WORK ORDER: The expected output is every entry, repeated word for word.

━━━ DATA RECORDS

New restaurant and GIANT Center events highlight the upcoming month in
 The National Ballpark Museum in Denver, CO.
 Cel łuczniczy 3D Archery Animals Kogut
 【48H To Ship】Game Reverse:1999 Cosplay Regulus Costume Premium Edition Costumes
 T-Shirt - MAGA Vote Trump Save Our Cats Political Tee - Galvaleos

━━━━━━

PROBLEM SOLUTION:
New restaurant and GIANT Center events highlight the upcoming month in
 The National Ballpark Museum in Denver, CO.
 Cel łuczniczy 3D Archery Animals Kogut
 【48H To Ship】Game Reverse:1999 Cosplay Regulus Costume Premium Edition Costumes
 T-Shirt - MAGA Vote Trump Save Our Cats Political Tee - Galvaleos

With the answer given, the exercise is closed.